Nova Scotia

No plans to restart paid sick-leave program, says N.S. labour minister

The provincial program, which ended last week, was intended to act as a bridge for people affected by COVID-19 who didn't qualify for the federal assistance program.

NDP bill before the legislature would provide paid sick leave for all workers

A woman with a ponytail and glasses, white shirt and dark suit jacket.
Jill Balser is Nova Scotia's labour minister. (Robert Short/CBC)

Although COVID-19 cases in Nova Scotia are on the rise, the province's labour minister says there are no plans right now to bring back a paid sick-leave program.

Jill Balser said the provincial program, which ended last week, was intended to act as a bridge for people affected by COVID-19 who didn't qualify for the federal assistance program, which covers a longer period.

The Tories relaunched the provincial program in January as the Omicron variant caused a surge in cases, but Balser said there wasn't as great a need for the assistance.

"Nova Scotians needed more time off, so they were eligible for that federal program in place of ours," Balser said in an interview at Province House.

The provincial program provided up to four paid sick days for people who missed less than half of their work week due to COVID-19. The days did not have to be used consecutively.

Anyone who needed to miss more time than that was referred to the federal Canada Recovery Sickness Benefit, which remains in place for now.

Gary Burrill is leader of the Nova Scotia NDP. (Michael Gorman/CBC)

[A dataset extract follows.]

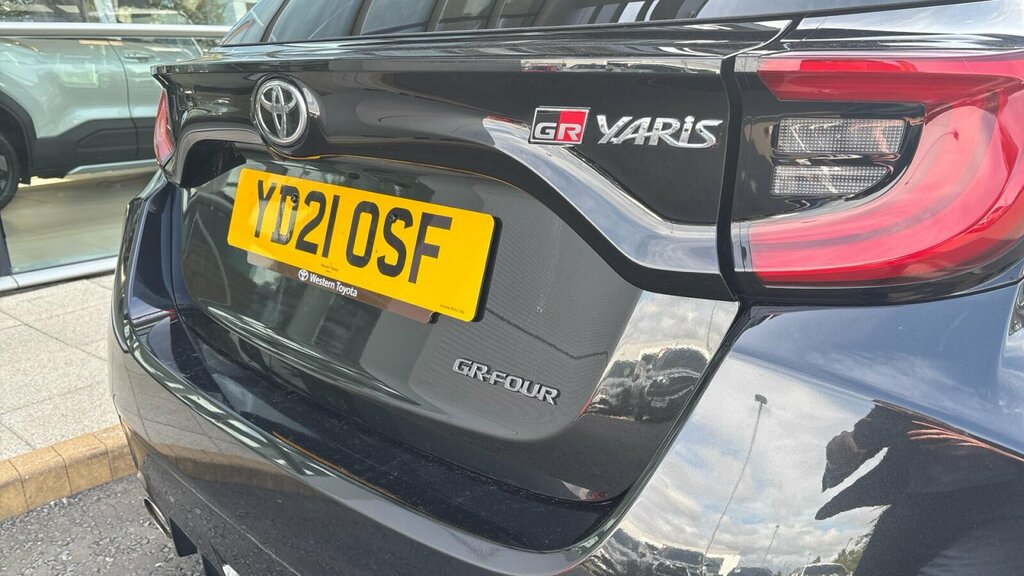 Toyota Yaris 1.5 Vvt-h Icon E-cvt Euro 6 S S White #30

Nova Scotia NDP Leader Gary Burrill said it makes sense for the provincial program to remain in place, particularly as the government runs a promotional campaign encouraging people to "get back out there" and resume normal activity.

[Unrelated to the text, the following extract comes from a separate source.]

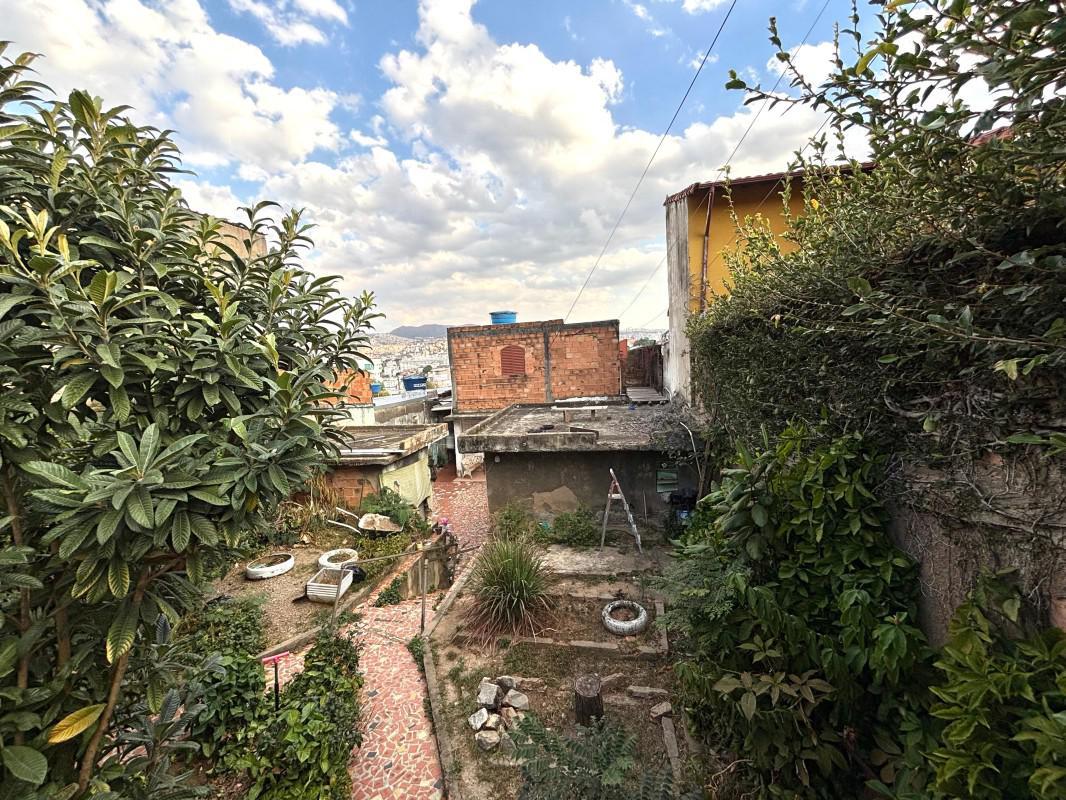 Lote, Sagrada Família, 0 Quarto, 0 Vaga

While most public health restrictions were lifted last month, government officials — including the premier and health minister — have noted there is a lot of COVID-19 in the province and have urged people to follow public health guidance.

Burrill noted the juxtaposition.

"In the context of a paid sick-leave program, it makes lots of sense to say, 'You're feeling good today, take the normal good precautions [and] go about your life,'" he said.

"But when there is no paid sick-leave program, and when people are going to have a financial penalty in order to actually do the responsible thing when they've got symptoms, then I think it's a less wise thing for them to do."

Bill would give paid sick leave to all

The NDP has a bill before the legislature that would see all workers be able to accrue up to 10 paid sick days a year based on how much they work.

New Democrat MLA Kendra Coombes said the issue is bigger than COVID-19, and the pandemic has shown that people with access to such programs only use them when needed.

"People should not have to go to work when they're sick, and they certainly should not have to choose between going to work sick and feeding their families, keeping a roof over their heads and paying the bills," she said.

Balser said if the paid sick-leave program were to be restarted, it would be based on factors such as vaccination rates, epidemiology and consultation with groups such as Public Health.

She noted people are afforded three unpaid sick days under the Labour Standards Code.

The minister recently attended meetings with her federal and provincial counterparts where the subject of paid sick leave was discussed, with some provinces favouring their own programs while others support a federal approach. Balser did not say if she has a preference.